Aveva lasciato il telefono a casa per non essere rintracciato ed aveva
preso
solamente il portafoglio, non aveva carte ma solo contanti e monetine
– e
sperava gli sarebbero bastati – e null’altra cosa,
niente per ascoltare la
musica e distrarsi. “Sai molto delle linee
metropolitane” aveva commentato,
“Questa è una città dedalica, imparare
a muoversi al suo interno è il modo più
semplice per sopravvivere” aveva risposto schietto lui.

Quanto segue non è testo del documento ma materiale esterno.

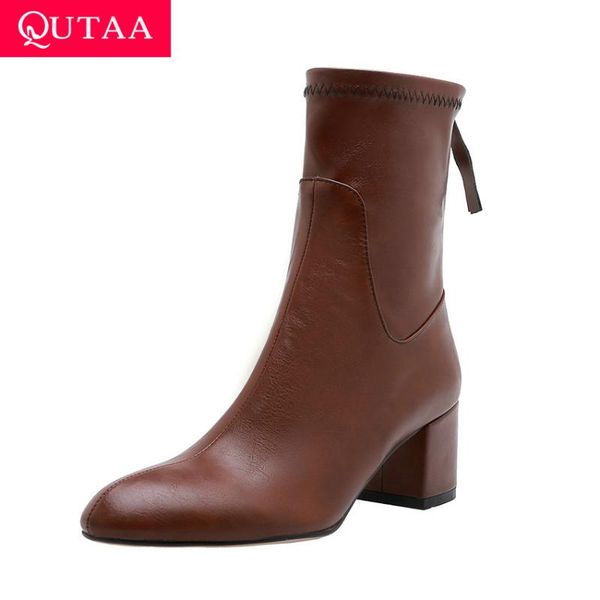 qutaa 2020 women shoes pu leather elegant round toe square high heel zipper autumn winter casual ankle boots big size 34-43, Black
qutaa 2020 women shoes pu leather elegant round toe square high heel zipper autumn winter casual ankle boots big size 34-43, Black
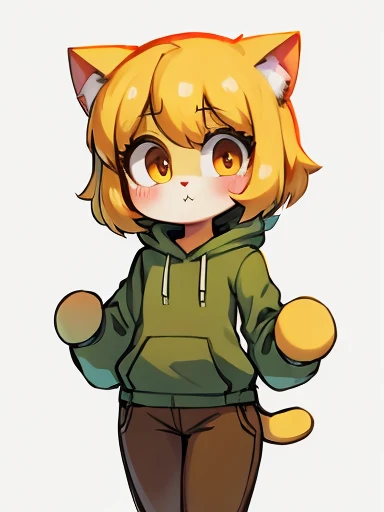 Yellow hair, Yellowish orange fur, green hoodie, brown pants, female, neco arc, cat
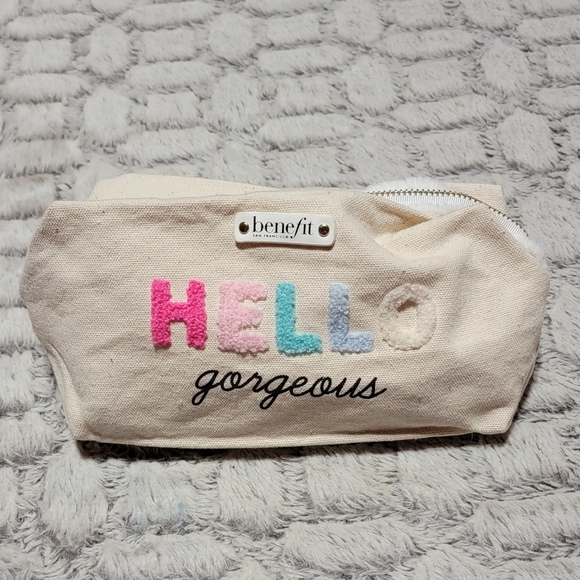 BENEFIT Hello Gorgeous Zipper Cotton Canvas Makeup Travel Bag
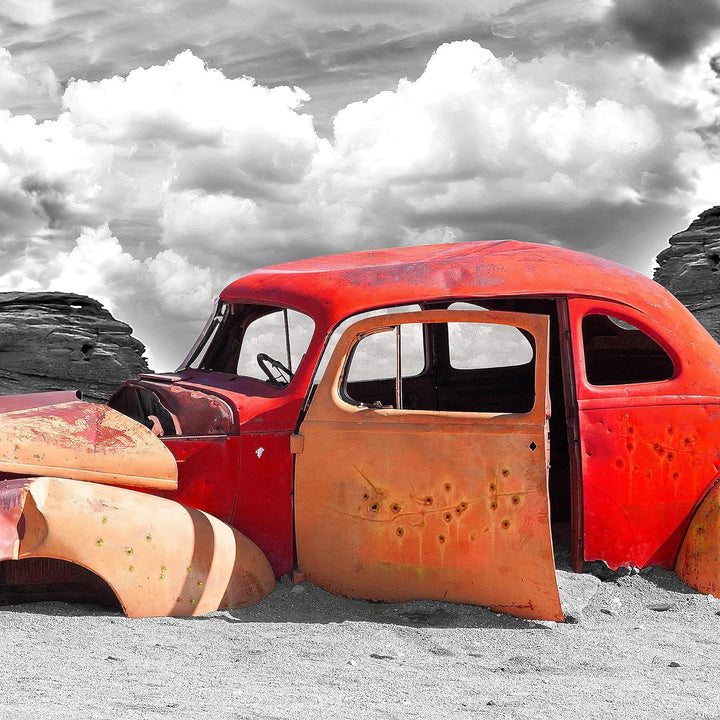 Runa Art Wandbilder Auto Oldtimer 5 Teilig Bild auf Vlies Leinwand Deko Wohnzimmer Abstrakt Rot Grau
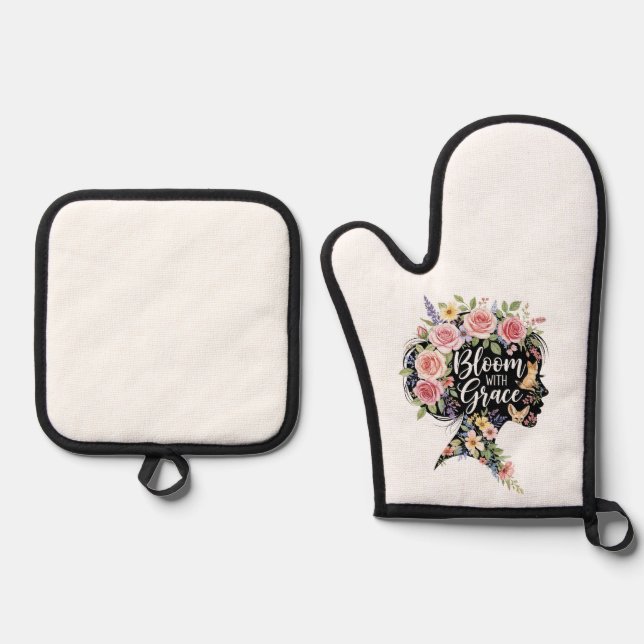 Bloom with Grace Elegant Floral Inspirational Art Oven Mitt & Pot Holder Set (Front)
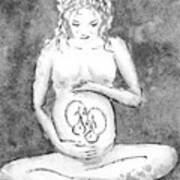 Twin Pregnancy Black And White Art Print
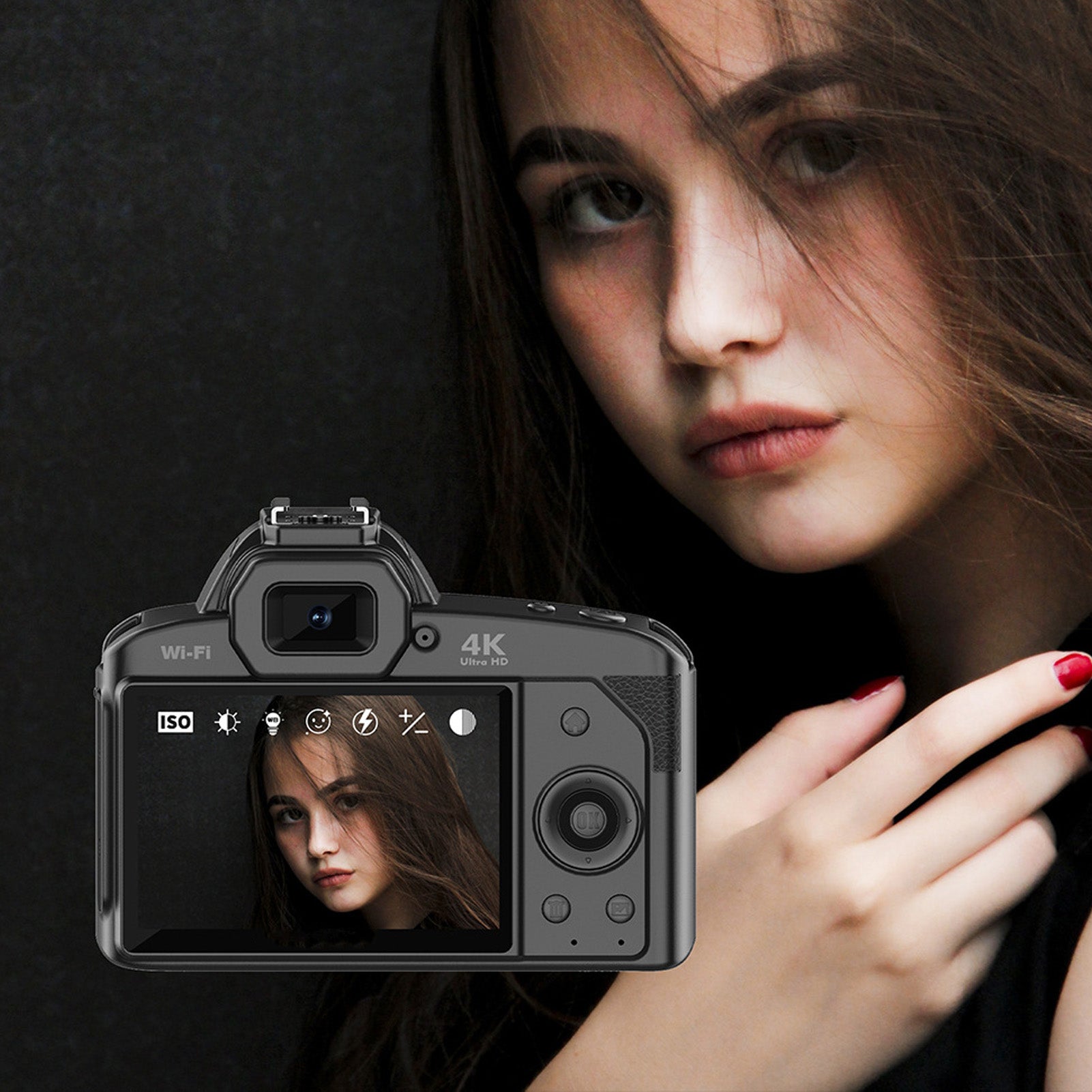 Digital Camera 3 Inch IPS Screen 4K 64MP 16x Digital Zoom Night Vision Wireless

Un
po’ troppo tragica
messa così.
“Inoltre, potrei aver sacrificato la mia macchina in una cosa
molto, molto,
stupida” aveva detto l’uomo con una mezza risata.
“Sono le cose migliori, quelle molto, molto,
stupide” aveva convenuto Yamato.
L’uomo le aveva sorriso accomodante, concorde, il senso di
famigliarità le era
penetrato nelle ossa.
Per un solido momento, Yamato aveva pensato che lo strano uomo in
sandali in
una notte di pioggia fosse lo Yonko Akagami Shanks, con i suoi capelli
rossi e
le cicatrici sul viso, un uomo che anche suo padre temeva, ma aveva
avuto il
buon senso di tenere le sue domande per se.
Le altre fermate della linea non erano state solitarie e presto gli
scompartimenti si erano riempiti di ridente vita notturna e
l’uomo era
scomparso tra i corpi.
Yamato non era neanche sicuro di sapere a quale fermate fosse sceso,
quando
aveva abbandonato il mezzo per scendere nella caotica fermata di
Reverse
Mountain, centro nevralgico della città, aveva visto la
folla inghiottire tutta
la stazione.
Aveva seguito le iscrizione del sospetto-Shanks, orientandosi con le
iscrizioni
e le insegne luminose, fino a cercare la pedana per la Grand Line.
Differentemente dalla West Blu, quest’ultima, si era mostrata
straripante dal
primo momento che aveva messo piede sulla banchina e poi sul treno dove
non
solo non era riuscita a trovare posto a sedere, ma si era ritrovato
schiacciato
in una marmaglia senza volto. “Oh che donnone!”
aveva sentito qualcuno alle sue
spalle e la sua pigra risposta era stata una gomitata accidentale
alle
sue spalle.
Le
istruzioni dell’uomo erano state piuttosto precise, Yamato
era sceso a Sabaody
ed aveva preso l’autobus sostitutivo fino a Marijoa, poi da
lì aveva preso la
fermata di Pangea del bus, con l’autobus centoundici per il
tratto che seguiva
in superficie la linea rossa, godendosi la città caoica e
vivace anche in una
fredda notte umida e piovosa come quella.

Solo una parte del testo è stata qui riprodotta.